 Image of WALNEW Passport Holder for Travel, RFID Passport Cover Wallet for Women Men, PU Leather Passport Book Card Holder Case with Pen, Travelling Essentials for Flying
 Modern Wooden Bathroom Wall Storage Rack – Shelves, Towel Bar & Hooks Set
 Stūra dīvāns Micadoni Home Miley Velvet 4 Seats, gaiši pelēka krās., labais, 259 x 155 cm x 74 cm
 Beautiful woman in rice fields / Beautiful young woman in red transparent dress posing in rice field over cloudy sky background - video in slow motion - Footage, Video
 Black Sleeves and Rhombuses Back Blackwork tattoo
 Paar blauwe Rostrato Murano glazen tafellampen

◆ ◆ ◆ ◆ ◆ ◆ ◆

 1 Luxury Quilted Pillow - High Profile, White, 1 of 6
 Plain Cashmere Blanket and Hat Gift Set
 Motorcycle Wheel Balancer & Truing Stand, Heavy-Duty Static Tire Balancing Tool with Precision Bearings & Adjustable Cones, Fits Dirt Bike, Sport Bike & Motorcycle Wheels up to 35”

◆ ◆ ◆ ◆ ◆ ◆ ◆

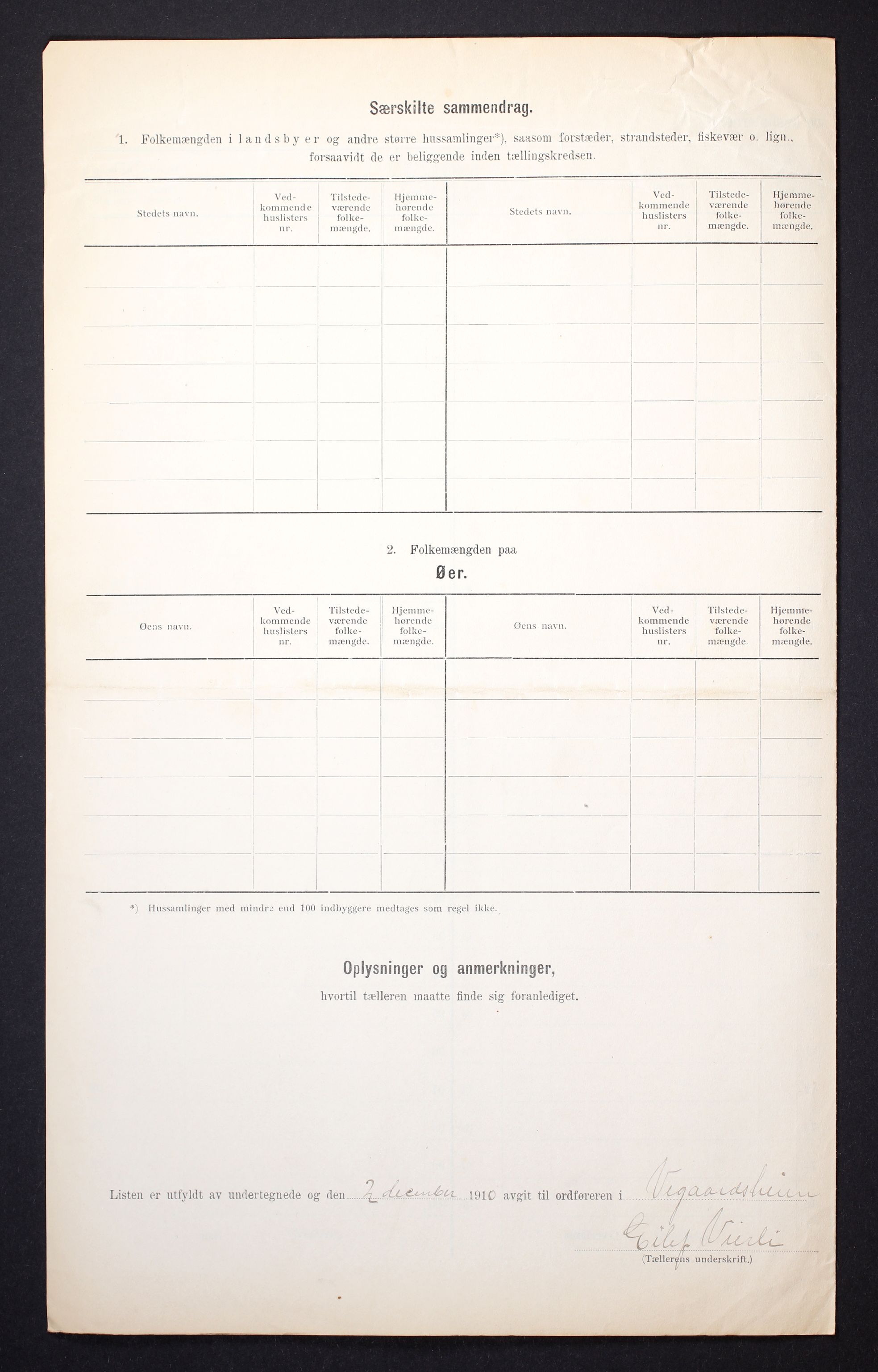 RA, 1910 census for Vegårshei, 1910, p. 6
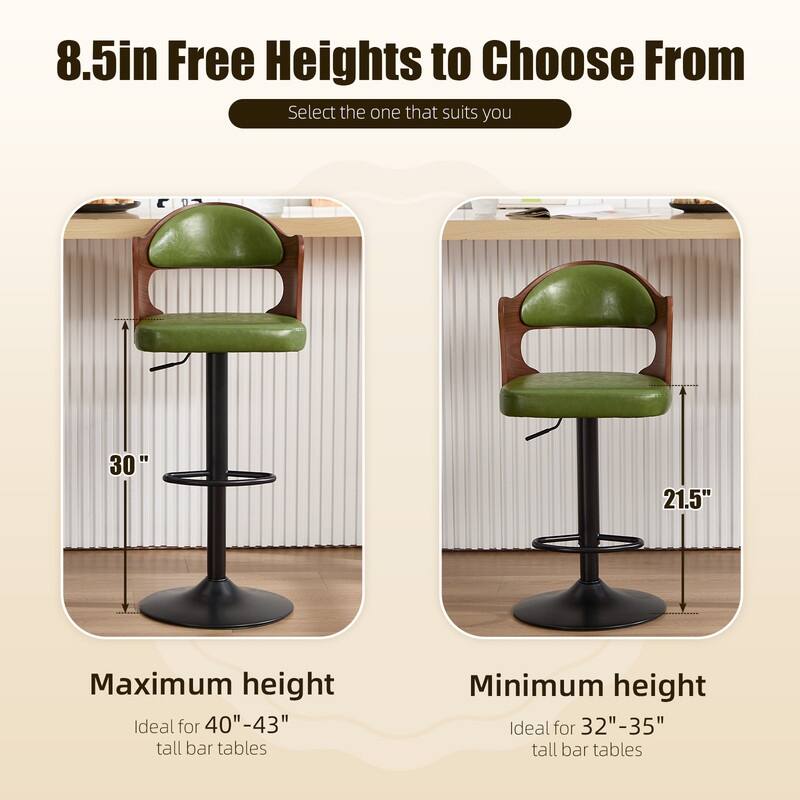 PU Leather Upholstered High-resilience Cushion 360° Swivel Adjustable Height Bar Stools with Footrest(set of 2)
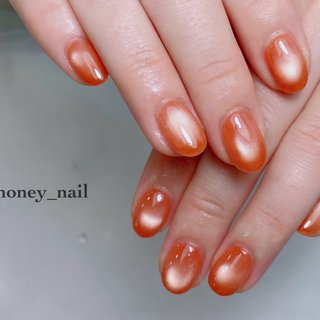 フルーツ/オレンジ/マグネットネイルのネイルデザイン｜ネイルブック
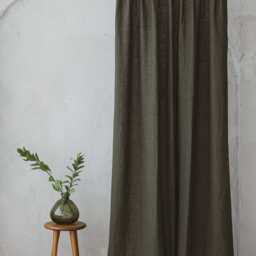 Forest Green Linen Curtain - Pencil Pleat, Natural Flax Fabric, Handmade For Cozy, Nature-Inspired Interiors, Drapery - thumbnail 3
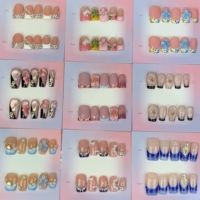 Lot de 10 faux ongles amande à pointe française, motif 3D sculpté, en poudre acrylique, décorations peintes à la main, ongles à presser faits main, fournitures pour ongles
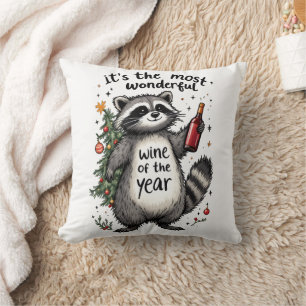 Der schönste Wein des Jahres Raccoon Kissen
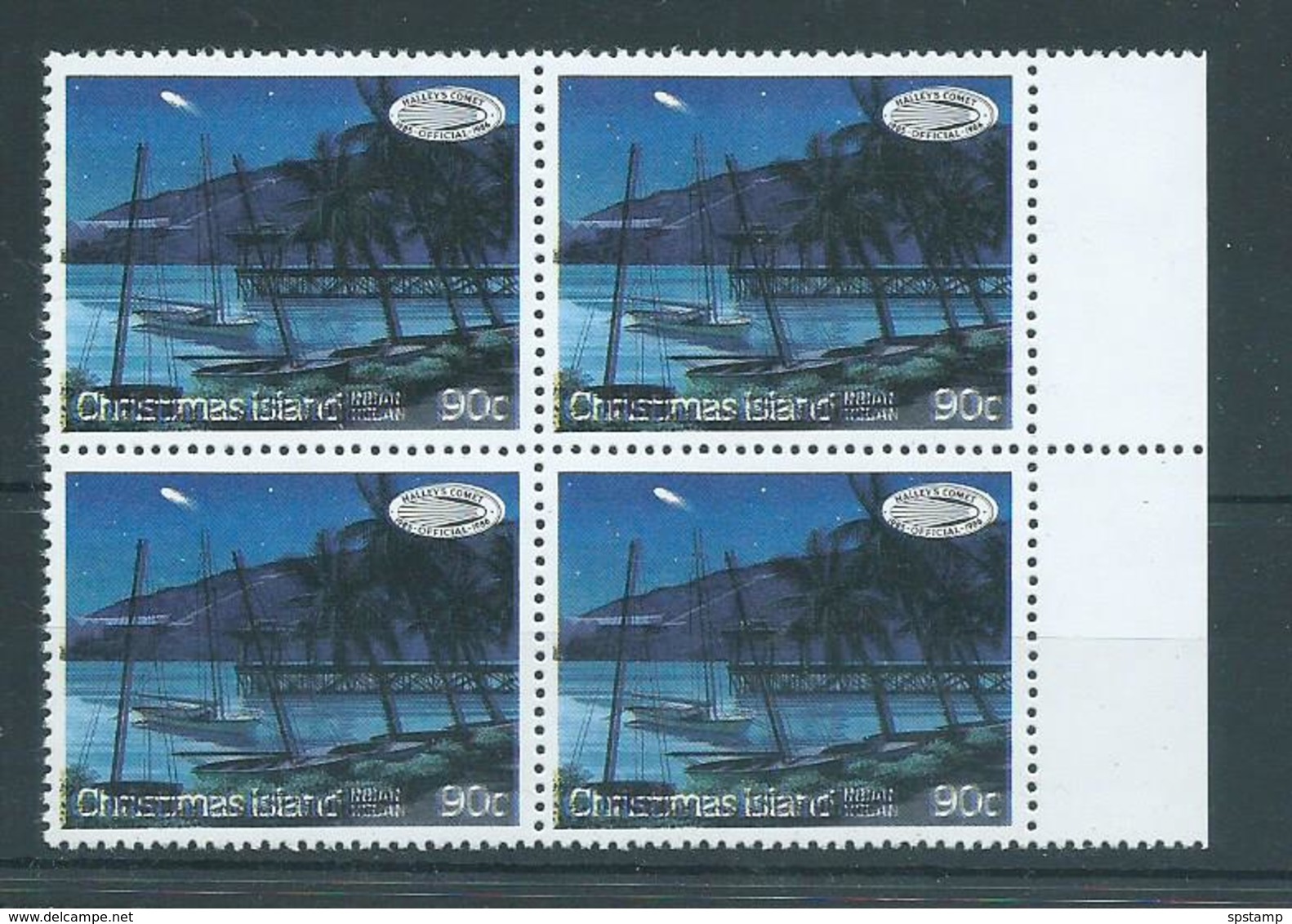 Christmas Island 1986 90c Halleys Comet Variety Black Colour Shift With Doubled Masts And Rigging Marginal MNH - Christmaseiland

◆ ◆ ◆ ◆ ◆ ◆ ◆

Among the entries above, locate the lines containing "Beautiful woman in" and "Paar blauwe Rostrato", and transcribe exactly those two lines and all lines between.

• _RESULT FOR THIS TASK_
 Beautiful woman in rice fields / Beautiful young woman in red transparent dress posing in rice field over cloudy sky background - video in slow motion - Footage, Video
 Black Sleeves and Rhombuses Back Blackwork tattoo
 Paar blauwe Rostrato Murano glazen tafellampen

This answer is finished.